April 2, 2007 8:52 AM PDT

Google updates maps after Katrina 'airbrushing' incident

Accused by a Democrat in the U.S. Congress of "airbrushing history," Google said it has now replaced pre-Hurricane Katrina satellite images of the Gulf Coast region with more recent aerial photographs.

The search giant came under fire late last week after the Associated Press reported the company had traded imagery documenting the August 2005 storm's devastating effects in its mapping services for higher-resolution images depicting pre-hurricane calm.

Google on Sunday said it had no intention of "rewriting history" but nonetheless was able to "expedite" the processing of 2006 aerial photography data for New Orleans that is of equally high quality. That update went up on Sunday evening, the company said.

The initial news attracted concerns from Rep. Brad Miller (D-N.C.), chairman of a House of Representatives science oversight subcommittee. On Friday, he sent a letter (PDF) demanding an explanation for the changes from CEO Eric Schmidt.

Miller was unavailable for comment on Monday, as he is currently visiting the Darfur region as part of Congress' spring recess. Despite a recent Google blog post that attempts to clarify the situation, the subcommittee still expects responses to Miller's letter, said Luann Canipe, communications director for the congressman.

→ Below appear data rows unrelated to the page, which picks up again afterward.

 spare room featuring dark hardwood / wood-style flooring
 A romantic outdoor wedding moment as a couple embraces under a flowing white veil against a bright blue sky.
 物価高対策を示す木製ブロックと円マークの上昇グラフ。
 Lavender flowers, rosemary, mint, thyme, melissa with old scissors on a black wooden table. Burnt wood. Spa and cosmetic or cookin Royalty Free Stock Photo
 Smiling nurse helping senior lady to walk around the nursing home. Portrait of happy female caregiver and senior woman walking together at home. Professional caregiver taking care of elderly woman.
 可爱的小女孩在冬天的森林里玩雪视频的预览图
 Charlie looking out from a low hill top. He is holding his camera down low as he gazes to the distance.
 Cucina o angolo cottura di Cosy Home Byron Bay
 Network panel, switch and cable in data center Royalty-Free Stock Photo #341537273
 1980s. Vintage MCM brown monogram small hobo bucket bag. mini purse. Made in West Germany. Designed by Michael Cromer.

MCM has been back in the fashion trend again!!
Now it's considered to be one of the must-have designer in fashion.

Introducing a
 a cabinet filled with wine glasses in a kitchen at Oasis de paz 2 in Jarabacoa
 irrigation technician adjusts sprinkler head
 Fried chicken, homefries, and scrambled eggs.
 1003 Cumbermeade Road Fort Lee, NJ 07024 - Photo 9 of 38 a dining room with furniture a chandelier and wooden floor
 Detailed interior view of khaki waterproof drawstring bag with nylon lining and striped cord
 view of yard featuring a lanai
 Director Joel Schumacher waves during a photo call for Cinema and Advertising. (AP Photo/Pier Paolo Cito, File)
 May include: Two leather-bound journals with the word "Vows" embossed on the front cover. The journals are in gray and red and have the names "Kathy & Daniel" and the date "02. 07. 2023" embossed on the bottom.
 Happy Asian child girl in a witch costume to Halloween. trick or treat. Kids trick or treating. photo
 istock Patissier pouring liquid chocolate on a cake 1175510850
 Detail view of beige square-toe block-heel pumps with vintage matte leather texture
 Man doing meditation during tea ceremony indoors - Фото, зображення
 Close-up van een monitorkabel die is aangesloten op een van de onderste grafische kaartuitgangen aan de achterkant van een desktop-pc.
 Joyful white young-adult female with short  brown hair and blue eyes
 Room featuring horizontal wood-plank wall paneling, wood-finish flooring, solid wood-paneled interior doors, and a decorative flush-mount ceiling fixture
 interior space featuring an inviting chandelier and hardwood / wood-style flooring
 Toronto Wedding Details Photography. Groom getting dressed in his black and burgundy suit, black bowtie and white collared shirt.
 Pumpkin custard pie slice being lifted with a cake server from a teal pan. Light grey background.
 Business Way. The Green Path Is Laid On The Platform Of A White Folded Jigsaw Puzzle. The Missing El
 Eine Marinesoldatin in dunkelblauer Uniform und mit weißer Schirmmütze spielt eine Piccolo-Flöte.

"The congressman's concern is that it was fundamentally dishonest," Canipe said in a telephone interview. "Certainly the most basic question is, did someone ask you to change the maps and if so who was it?"

Google said it planned to send a response to the congressman's queries on Monday. The company confirmed it had swapped out the post-Katrina images in September, but it maintained that decision hinged on its interest in providing its users with high-quality images. The changes were part of a broader update that "substantially improved the imagery detail for dozens of cities around the world, including New Orleans," a representative said in a statement e-mailed to CNET News.com on Monday.

Even after it replaced the post-Katrina images, users could continue to view Katrina imagery captured by the National Oceanic and Atmospheric Administration--along with map overlays such as damage assessments and Red Cross shelters--at a dedicated site, said John Hanke, director of Google Earth and Maps.

In his Sunday morning entry on the official corporate blog, Hanke said Google found the recent comments a bit surprising. "Our goal throughout has been to produce a global earth database of the best quality," he wrote, "accounting for timeliness, resolution, cloud cover, light conditions, and color balancing."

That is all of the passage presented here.